**Dataset content**.

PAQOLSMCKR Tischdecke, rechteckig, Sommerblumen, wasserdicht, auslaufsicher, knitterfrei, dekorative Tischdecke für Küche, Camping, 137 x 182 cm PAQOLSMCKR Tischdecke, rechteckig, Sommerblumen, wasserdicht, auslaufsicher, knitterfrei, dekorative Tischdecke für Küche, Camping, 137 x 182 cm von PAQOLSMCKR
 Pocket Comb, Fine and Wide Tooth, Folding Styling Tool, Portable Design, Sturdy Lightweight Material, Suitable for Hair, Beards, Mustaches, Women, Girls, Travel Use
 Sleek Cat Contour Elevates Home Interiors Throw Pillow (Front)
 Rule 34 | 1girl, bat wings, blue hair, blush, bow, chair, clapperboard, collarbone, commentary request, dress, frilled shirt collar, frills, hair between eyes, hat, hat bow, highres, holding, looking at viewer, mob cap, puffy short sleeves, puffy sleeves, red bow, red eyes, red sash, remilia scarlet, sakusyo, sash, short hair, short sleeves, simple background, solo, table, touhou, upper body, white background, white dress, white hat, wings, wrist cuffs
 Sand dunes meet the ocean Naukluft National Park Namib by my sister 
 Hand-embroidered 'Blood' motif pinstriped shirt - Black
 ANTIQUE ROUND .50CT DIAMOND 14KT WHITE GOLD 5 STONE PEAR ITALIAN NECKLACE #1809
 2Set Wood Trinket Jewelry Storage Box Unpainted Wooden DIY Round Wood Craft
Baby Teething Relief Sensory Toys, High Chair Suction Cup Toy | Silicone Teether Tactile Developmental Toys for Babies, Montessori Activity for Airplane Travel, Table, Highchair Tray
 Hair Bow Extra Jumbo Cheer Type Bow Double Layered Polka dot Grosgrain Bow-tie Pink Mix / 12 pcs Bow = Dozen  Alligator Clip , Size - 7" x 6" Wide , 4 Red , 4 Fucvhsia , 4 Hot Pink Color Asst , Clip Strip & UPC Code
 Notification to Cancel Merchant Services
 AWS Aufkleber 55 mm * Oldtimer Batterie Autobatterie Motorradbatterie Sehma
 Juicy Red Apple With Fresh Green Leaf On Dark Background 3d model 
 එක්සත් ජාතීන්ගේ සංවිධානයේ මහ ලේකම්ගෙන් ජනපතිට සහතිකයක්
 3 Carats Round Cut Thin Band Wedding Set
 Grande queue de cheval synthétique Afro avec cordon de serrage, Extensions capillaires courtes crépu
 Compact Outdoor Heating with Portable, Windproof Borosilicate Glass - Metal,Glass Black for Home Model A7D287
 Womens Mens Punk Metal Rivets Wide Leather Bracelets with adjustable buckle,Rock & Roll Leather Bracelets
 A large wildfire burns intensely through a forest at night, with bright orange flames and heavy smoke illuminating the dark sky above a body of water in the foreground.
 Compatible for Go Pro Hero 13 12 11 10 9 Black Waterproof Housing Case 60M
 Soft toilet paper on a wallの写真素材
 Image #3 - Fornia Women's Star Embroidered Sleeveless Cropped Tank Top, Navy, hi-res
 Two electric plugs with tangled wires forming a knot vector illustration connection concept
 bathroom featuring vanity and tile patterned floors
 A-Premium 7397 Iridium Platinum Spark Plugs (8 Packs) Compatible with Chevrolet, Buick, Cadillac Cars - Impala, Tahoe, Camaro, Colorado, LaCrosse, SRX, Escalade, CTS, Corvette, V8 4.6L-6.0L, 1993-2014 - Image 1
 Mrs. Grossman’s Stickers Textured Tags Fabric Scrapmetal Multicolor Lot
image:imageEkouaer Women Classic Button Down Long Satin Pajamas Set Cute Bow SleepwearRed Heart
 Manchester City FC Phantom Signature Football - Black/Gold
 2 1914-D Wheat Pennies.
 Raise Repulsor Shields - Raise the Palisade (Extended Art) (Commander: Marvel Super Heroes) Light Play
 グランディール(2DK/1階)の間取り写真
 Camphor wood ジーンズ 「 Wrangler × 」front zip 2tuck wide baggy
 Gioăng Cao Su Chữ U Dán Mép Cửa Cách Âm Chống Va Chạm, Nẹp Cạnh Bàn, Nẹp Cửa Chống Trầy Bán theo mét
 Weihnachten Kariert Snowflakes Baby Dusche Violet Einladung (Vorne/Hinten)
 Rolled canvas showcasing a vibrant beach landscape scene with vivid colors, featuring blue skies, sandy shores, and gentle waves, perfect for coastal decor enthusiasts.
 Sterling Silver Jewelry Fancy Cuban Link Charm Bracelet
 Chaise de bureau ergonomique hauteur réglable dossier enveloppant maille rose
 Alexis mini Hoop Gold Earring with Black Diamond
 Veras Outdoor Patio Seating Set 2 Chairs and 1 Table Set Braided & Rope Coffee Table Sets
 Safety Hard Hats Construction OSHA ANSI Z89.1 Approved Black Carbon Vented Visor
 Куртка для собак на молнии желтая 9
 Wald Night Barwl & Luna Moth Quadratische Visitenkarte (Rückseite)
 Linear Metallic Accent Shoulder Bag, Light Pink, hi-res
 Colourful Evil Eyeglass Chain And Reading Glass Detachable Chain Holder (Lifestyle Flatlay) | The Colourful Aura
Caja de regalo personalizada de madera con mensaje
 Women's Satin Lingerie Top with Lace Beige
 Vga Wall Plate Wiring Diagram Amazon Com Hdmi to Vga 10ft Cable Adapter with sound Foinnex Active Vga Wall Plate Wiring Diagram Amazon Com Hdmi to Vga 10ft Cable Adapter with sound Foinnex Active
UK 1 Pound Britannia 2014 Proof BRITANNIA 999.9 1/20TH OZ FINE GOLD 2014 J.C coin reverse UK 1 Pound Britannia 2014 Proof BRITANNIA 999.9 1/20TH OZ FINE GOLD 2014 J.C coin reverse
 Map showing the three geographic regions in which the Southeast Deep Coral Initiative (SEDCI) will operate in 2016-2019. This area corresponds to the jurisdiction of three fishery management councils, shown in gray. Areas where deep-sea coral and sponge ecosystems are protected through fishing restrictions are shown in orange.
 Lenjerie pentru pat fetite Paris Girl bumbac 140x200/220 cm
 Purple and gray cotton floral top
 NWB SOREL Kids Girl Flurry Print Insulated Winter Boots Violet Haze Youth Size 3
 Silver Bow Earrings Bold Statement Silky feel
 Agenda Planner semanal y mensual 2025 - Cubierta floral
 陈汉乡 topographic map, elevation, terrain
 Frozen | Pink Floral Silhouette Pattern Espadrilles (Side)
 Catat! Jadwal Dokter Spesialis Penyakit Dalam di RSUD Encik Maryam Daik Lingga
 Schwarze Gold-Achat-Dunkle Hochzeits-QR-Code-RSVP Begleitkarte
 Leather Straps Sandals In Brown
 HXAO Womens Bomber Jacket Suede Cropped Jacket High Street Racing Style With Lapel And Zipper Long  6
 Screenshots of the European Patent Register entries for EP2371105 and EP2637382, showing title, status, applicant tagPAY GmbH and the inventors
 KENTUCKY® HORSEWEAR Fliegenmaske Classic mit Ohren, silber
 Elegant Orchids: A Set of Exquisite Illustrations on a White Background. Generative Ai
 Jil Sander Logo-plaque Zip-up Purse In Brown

**Aim of the task**. All lines in the material are to be returned exactly.

**Result for this exercise**.
PAQOLSMCKR Tischdecke, rechteckig, Sommerblumen, wasserdicht, auslaufsicher, knitterfrei, dekorative Tischdecke für Küche, Camping, 137 x 182 cm PAQOLSMCKR Tischdecke, rechteckig, Sommerblumen, wasserdicht, auslaufsicher, knitterfrei, dekorative Tischdecke für Küche, Camping, 137 x 182 cm von PAQOLSMCKR
 Pocket Comb, Fine and Wide Tooth, Folding Styling Tool, Portable Design, Sturdy Lightweight Material, Suitable for Hair, Beards, Mustaches, Women, Girls, Travel Use
 Sleek Cat Contour Elevates Home Interiors Throw Pillow (Front)
 Rule 34 | 1girl, bat wings, blue hair, blush, bow, chair, clapperboard, collarbone, commentary request, dress, frilled shirt collar, frills, hair between eyes, hat, hat bow, highres, holding, looking at viewer, mob cap, puffy short sleeves, puffy sleeves, red bow, red eyes, red sash, remilia scarlet, sakusyo, sash, short hair, short sleeves, simple background, solo, table, touhou, upper body, white background, white dress, white hat, wings, wrist cuffs
 Sand dunes meet the ocean Naukluft National Park Namib by my sister 
 Hand-embroidered 'Blood' motif pinstriped shirt - Black
 ANTIQUE ROUND .50CT DIAMOND 14KT WHITE GOLD 5 STONE PEAR ITALIAN NECKLACE #1809
 2Set Wood Trinket Jewelry Storage Box Unpainted Wooden DIY Round Wood Craft
Baby Teething Relief Sensory Toys, High Chair Suction Cup Toy | Silicone Teether Tactile Developmental Toys for Babies, Montessori Activity for Airplane Travel, Table, Highchair Tray
 Hair Bow Extra Jumbo Cheer Type Bow Double Layered Polka dot Grosgrain Bow-tie Pink Mix / 12 pcs Bow = Dozen  Alligator Clip , Size - 7" x 6" Wide , 4 Red , 4 Fucvhsia , 4 Hot Pink Color Asst , Clip Strip & UPC Code
 Notification to Cancel Merchant Services
 AWS Aufkleber 55 mm * Oldtimer Batterie Autobatterie Motorradbatterie Sehma
 Juicy Red Apple With Fresh Green Leaf On Dark Background 3d model 
 එක්සත් ජාතීන්ගේ සංවිධානයේ මහ ලේකම්ගෙන් ජනපතිට සහතිකයක්
 3 Carats Round Cut Thin Band Wedding Set
 Grande queue de cheval synthétique Afro avec cordon de serrage, Extensions capillaires courtes crépu
 Compact Outdoor Heating with Portable, Windproof Borosilicate Glass - Metal,Glass Black for Home Model A7D287
 Womens Mens Punk Metal Rivets Wide Leather Bracelets with adjustable buckle,Rock & Roll Leather Bracelets
 A large wildfire burns intensely through a forest at night, with bright orange flames and heavy smoke illuminating the dark sky above a body of water in the foreground.
 Compatible for Go Pro Hero 13 12 11 10 9 Black Waterproof Housing Case 60M
 Soft toilet paper on a wallの写真素材
 Image #3 - Fornia Women's Star Embroidered Sleeveless Cropped Tank Top, Navy, hi-res
 Two electric plugs with tangled wires forming a knot vector illustration connection concept
 bathroom featuring vanity and tile patterned floors
 A-Premium 7397 Iridium Platinum Spark Plugs (8 Packs) Compatible with Chevrolet, Buick, Cadillac Cars - Impala, Tahoe, Camaro, Colorado, LaCrosse, SRX, Escalade, CTS, Corvette, V8 4.6L-6.0L, 1993-2014 - Image 1
 Mrs. Grossman’s Stickers Textured Tags Fabric Scrapmetal Multicolor Lot
image:imageEkouaer Women Classic Button Down Long Satin Pajamas Set Cute Bow SleepwearRed Heart
 Manchester City FC Phantom Signature Football - Black/Gold
 2 1914-D Wheat Pennies.
 Raise Repulsor Shields - Raise the Palisade (Extended Art) (Commander: Marvel Super Heroes) Light Play
 グランディール(2DK/1階)の間取り写真
 Camphor wood ジーンズ 「 Wrangler × 」front zip 2tuck wide baggy
 Gioăng Cao Su Chữ U Dán Mép Cửa Cách Âm Chống Va Chạm, Nẹp Cạnh Bàn, Nẹp Cửa Chống Trầy Bán theo mét
 Weihnachten Kariert Snowflakes Baby Dusche Violet Einladung (Vorne/Hinten)
 Rolled canvas showcasing a vibrant beach landscape scene with vivid colors, featuring blue skies, sandy shores, and gentle waves, perfect for coastal decor enthusiasts.
 Sterling Silver Jewelry Fancy Cuban Link Charm Bracelet
 Chaise de bureau ergonomique hauteur réglable dossier enveloppant maille rose
 Alexis mini Hoop Gold Earring with Black Diamond
 Veras Outdoor Patio Seating Set 2 Chairs and 1 Table Set Braided & Rope Coffee Table Sets
 Safety Hard Hats Construction OSHA ANSI Z89.1 Approved Black Carbon Vented Visor
 Куртка для собак на молнии желтая 9
 Wald Night Barwl & Luna Moth Quadratische Visitenkarte (Rückseite)
 Linear Metallic Accent Shoulder Bag, Light Pink, hi-res
 Colourful Evil Eyeglass Chain And Reading Glass Detachable Chain Holder (Lifestyle Flatlay) | The Colourful Aura
Caja de regalo personalizada de madera con mensaje
 Women's Satin Lingerie Top with Lace Beige
 Vga Wall Plate Wiring Diagram Amazon Com Hdmi to Vga 10ft Cable Adapter with sound Foinnex Active Vga Wall Plate Wiring Diagram Amazon Com Hdmi to Vga 10ft Cable Adapter with sound Foinnex Active
UK 1 Pound Britannia 2014 Proof BRITANNIA 999.9 1/20TH OZ FINE GOLD 2014 J.C coin reverse UK 1 Pound Britannia 2014 Proof BRITANNIA 999.9 1/20TH OZ FINE GOLD 2014 J.C coin reverse
 Map showing the three geographic regions in which the Southeast Deep Coral Initiative (SEDCI) will operate in 2016-2019. This area corresponds to the jurisdiction of three fishery management councils, shown in gray. Areas where deep-sea coral and sponge ecosystems are protected through fishing restrictions are shown in orange.
 Lenjerie pentru pat fetite Paris Girl bumbac 140x200/220 cm
 Purple and gray cotton floral top
 NWB SOREL Kids Girl Flurry Print Insulated Winter Boots Violet Haze Youth Size 3
 Silver Bow Earrings Bold Statement Silky feel
 Agenda Planner semanal y mensual 2025 - Cubierta floral
 陈汉乡 topographic map, elevation, terrain
 Frozen | Pink Floral Silhouette Pattern Espadrilles (Side)
 Catat! Jadwal Dokter Spesialis Penyakit Dalam di RSUD Encik Maryam Daik Lingga
 Schwarze Gold-Achat-Dunkle Hochzeits-QR-Code-RSVP Begleitkarte
 Leather Straps Sandals In Brown
 HXAO Womens Bomber Jacket Suede Cropped Jacket High Street Racing Style With Lapel And Zipper Long  6
 Screenshots of the European Patent Register entries for EP2371105 and EP2637382, showing title, status, applicant tagPAY GmbH and the inventors
 KENTUCKY® HORSEWEAR Fliegenmaske Classic mit Ohren, silber
 Elegant Orchids: A Set of Exquisite Illustrations on a White Background. Generative Ai
 Jil Sander Logo-plaque Zip-up Purse In Brown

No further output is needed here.